Crawled caption data:
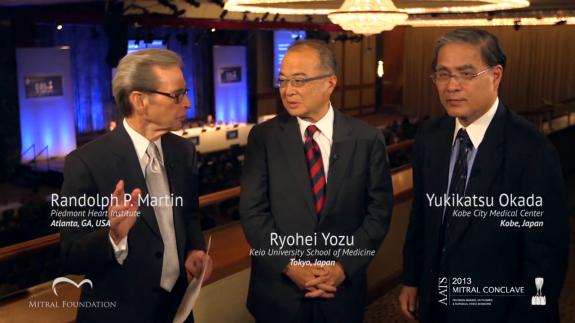 Screen capture of the video Ryohei Yozu and Yukikatsu Okada: The status of mitral valve and tricuspid repair in Japan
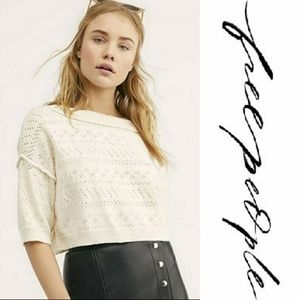 Free People Sand Castles Pullover Sweater
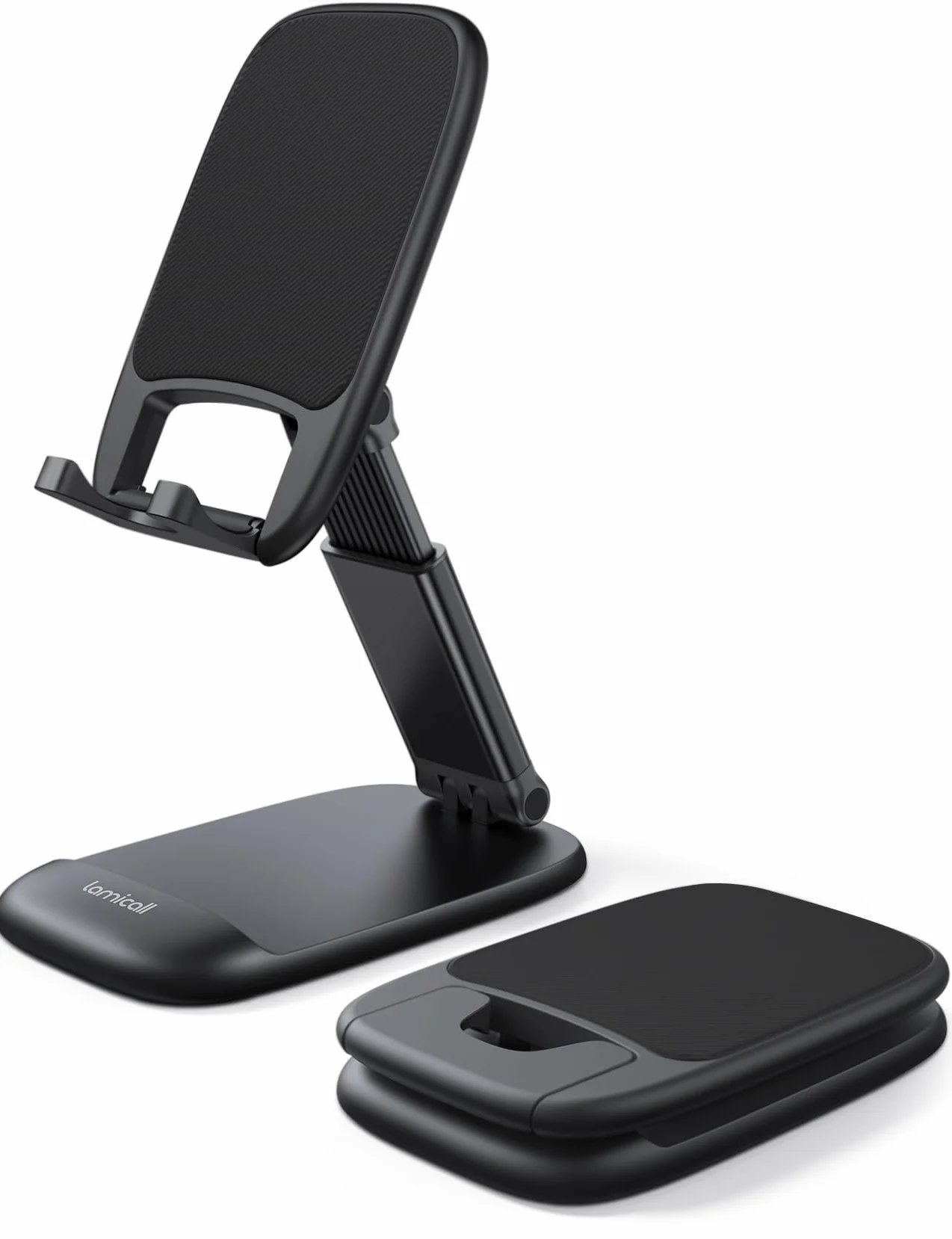 Lamicall Zginała stółka dla telefonu do biurka - Regulowana wysokościami podest dla telefonu na iPhone 16 15 14 13 12 11 Pro Max Plus Mini, Xs, XR, X, Galaxy,Telefony mobilne o rozdzielczości 4-8 cali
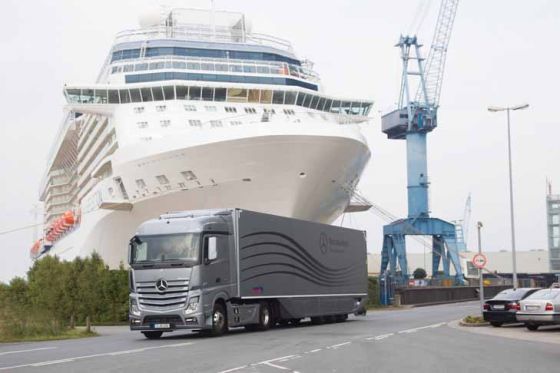Mercedes Benz Aerodynamics Trailer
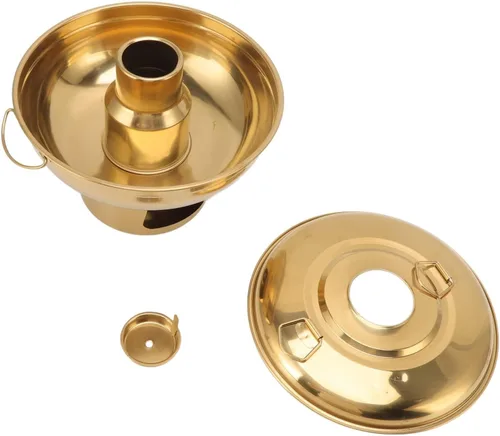 Vista 5 de Olla de acero inoxidable portátil de carbón de leña pequeña olla de hielo seco pequeña para una persona té de leche para suministros para el hogar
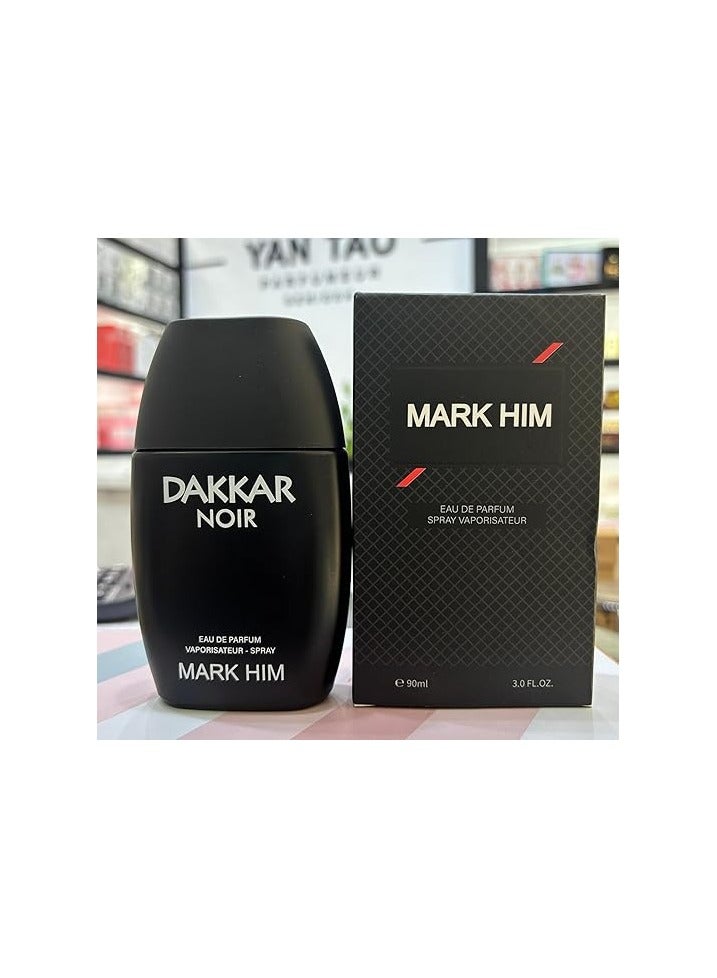 MARK HIM Mark Him Dakkar Noir Eau de Parfum Spray Vaporisateur 100ml | Bold & Sophisticated Fragrance
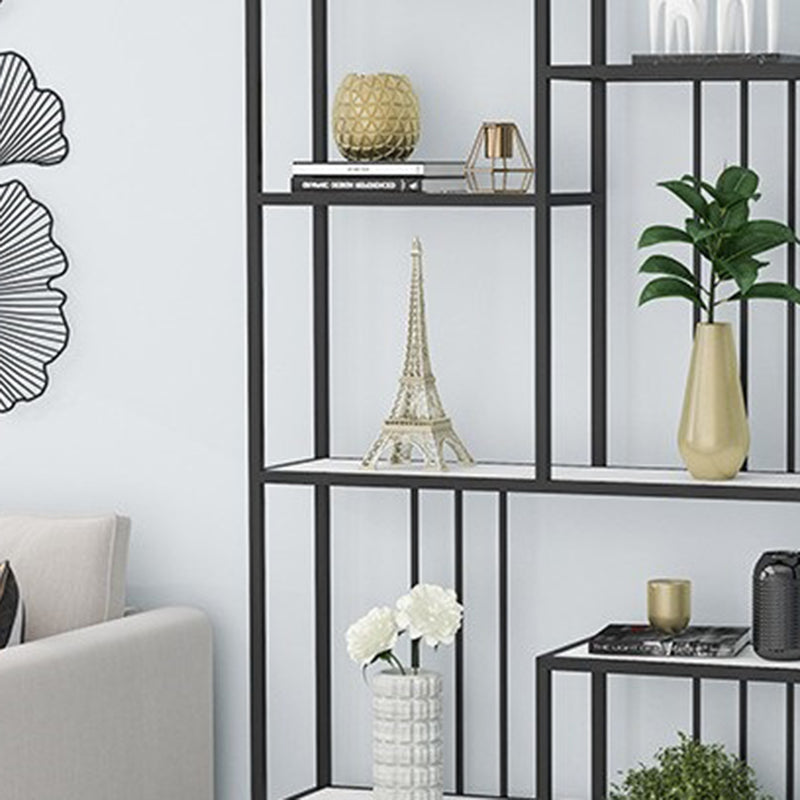 Glam Antique Finish Shelf Bookcase Metal Etagere Bookshelf with Shelves Clearhalo 'Bookcases' 'furn' 'furn_bookcases' 'Furniture' 'Office Furniture' 6501128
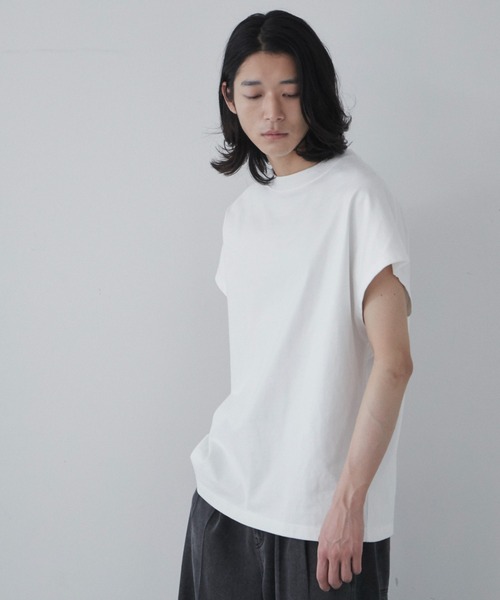WEGO(ウィゴー)の「WEGO/ドルマンノースリーブT(Tシャツ/カットソー・メンズ・ホワイト/ブラック系その他・MEDIUM/LARGE)」の21枚目の写真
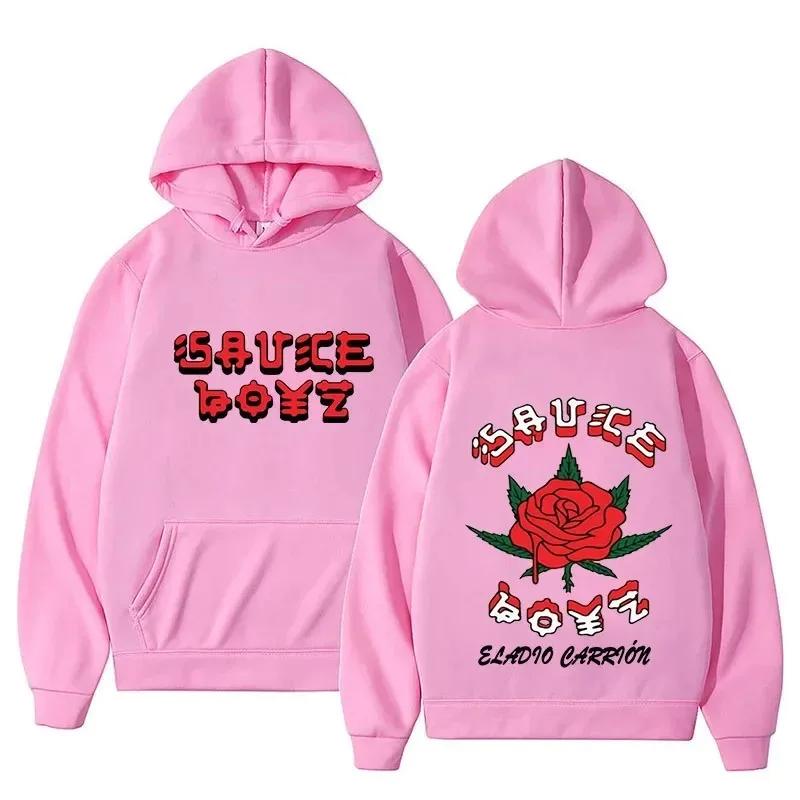 Eladio Carrion Sauce Boyz Monarca Harajuku Anime Hoodies Kawaii Manga Sweatshirts Lässige Cartoon-Kleidung Männerfrauen Streetwear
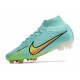 Crampons de football Nike Mercurial Superfly VI 360 Elite FG Argent Vert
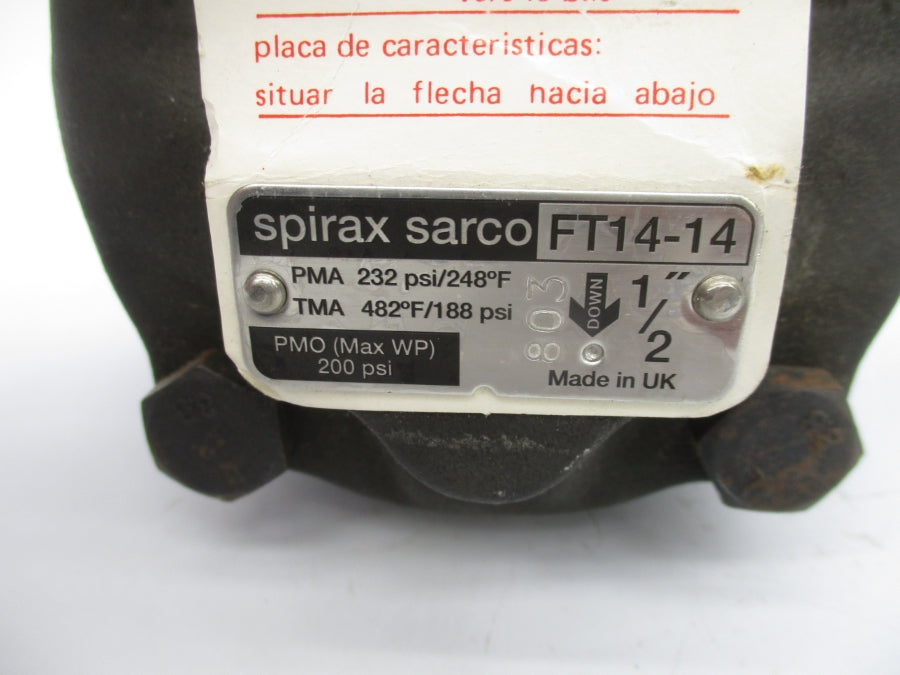 SPIRAX SARCO FT14-14 188-232PSI 1/2" NSNP
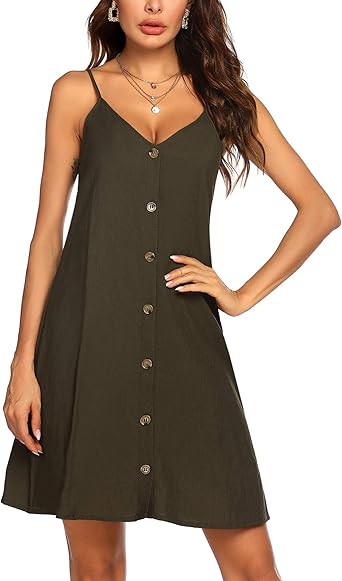 button down summer dress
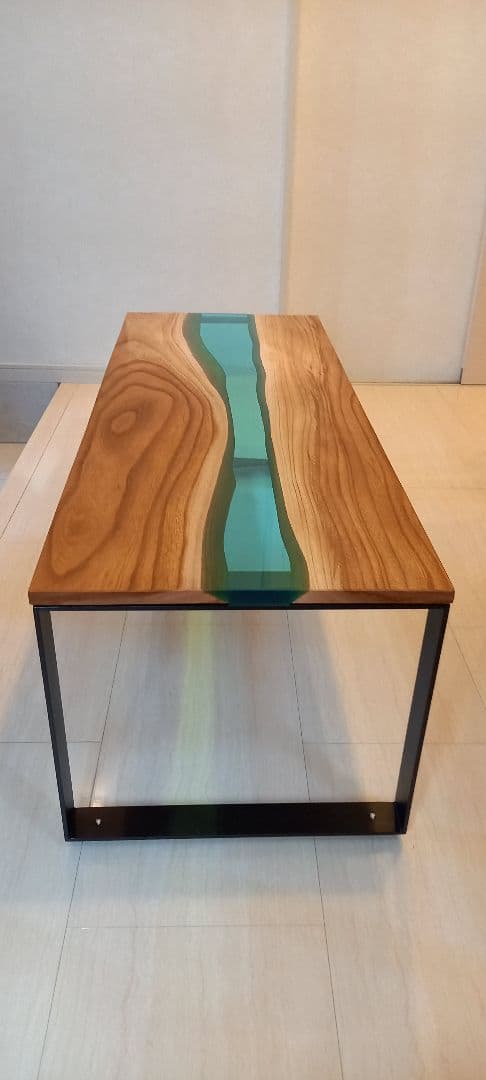 リバーテーブル レジンテーブル ローテーブル センターテーブル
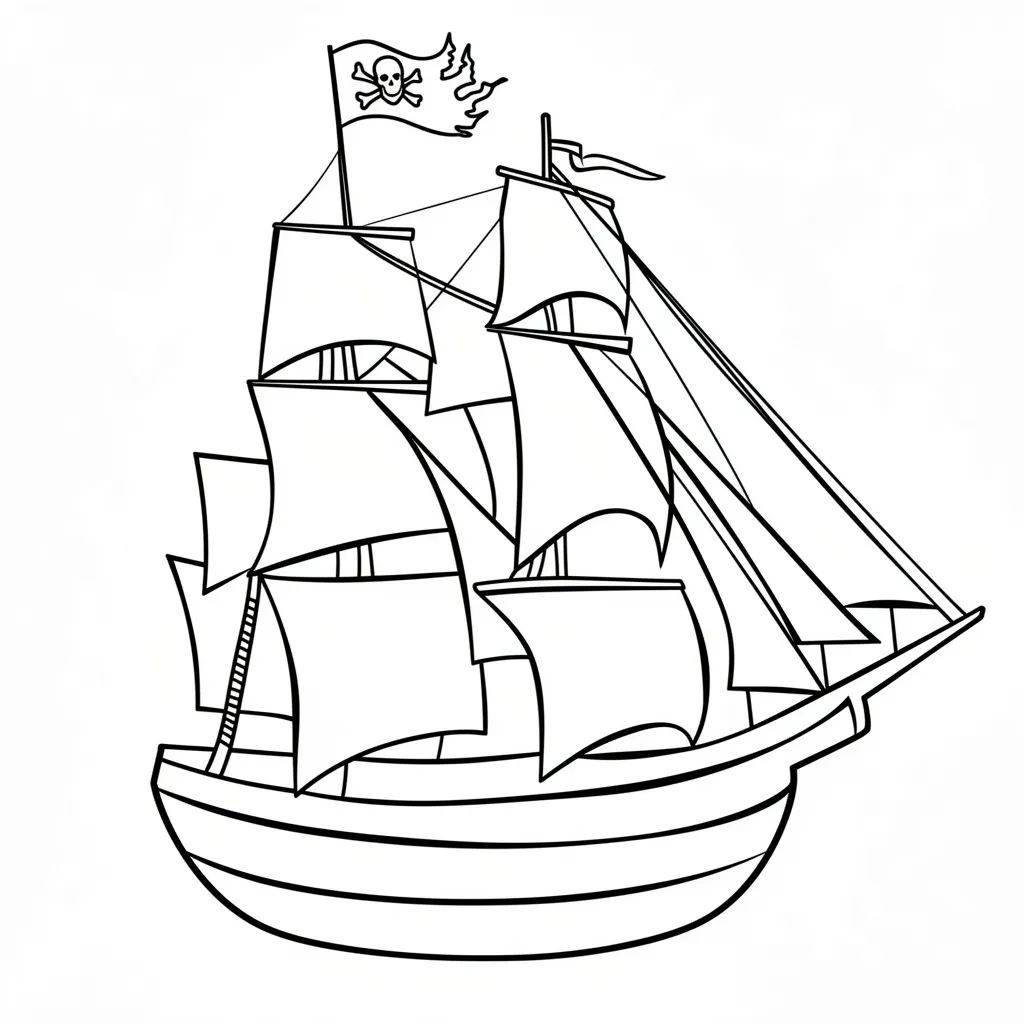 Пиратский корабль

§ **TASK REQUIREMENTS**
Transcribe every entry above exactly. Omit all pictures.

§ **EXERCISE OUTPUT**
 Screen capture of the video Ryohei Yozu and Yukikatsu Okada: The status of mitral valve and tricuspid repair in Japan
 Free People Sand Castles Pullover Sweater
 Lamicall Zginała stółka dla telefonu do biurka - Regulowana wysokościami podest dla telefonu na iPhone 16 15 14 13 12 11 Pro Max Plus Mini, Xs, XR, X, Galaxy,Telefony mobilne o rozdzielczości 4-8 cali
Mercedes Benz Aerodynamics Trailer
 Vista 5 de Olla de acero inoxidable portátil de carbón de leña pequeña olla de hielo seco pequeña para una persona té de leche para suministros para el hogar
 MARK HIM Mark Him Dakkar Noir Eau de Parfum Spray Vaporisateur 100ml | Bold & Sophisticated Fragrance
 Glam Antique Finish Shelf Bookcase Metal Etagere Bookshelf with Shelves Clearhalo 'Bookcases' 'furn' 'furn_bookcases' 'Furniture' 'Office Furniture' 6501128
WEGO(ウィゴー)の「WEGO/ドルマンノースリーブT(Tシャツ/カットソー・メンズ・ホワイト/ブラック系その他・MEDIUM/LARGE)」の21枚目の写真
 Eladio Carrion Sauce Boyz Monarca Harajuku Anime Hoodies Kawaii Manga Sweatshirts Lässige Cartoon-Kleidung Männerfrauen Streetwear
 Crampons de football Nike Mercurial Superfly VI 360 Elite FG Argent Vert
 SPIRAX SARCO FT14-14 188-232PSI 1/2" NSNP
 button down summer dress
 リバーテーブル レジンテーブル ローテーブル センターテーブル
 Пиратский корабль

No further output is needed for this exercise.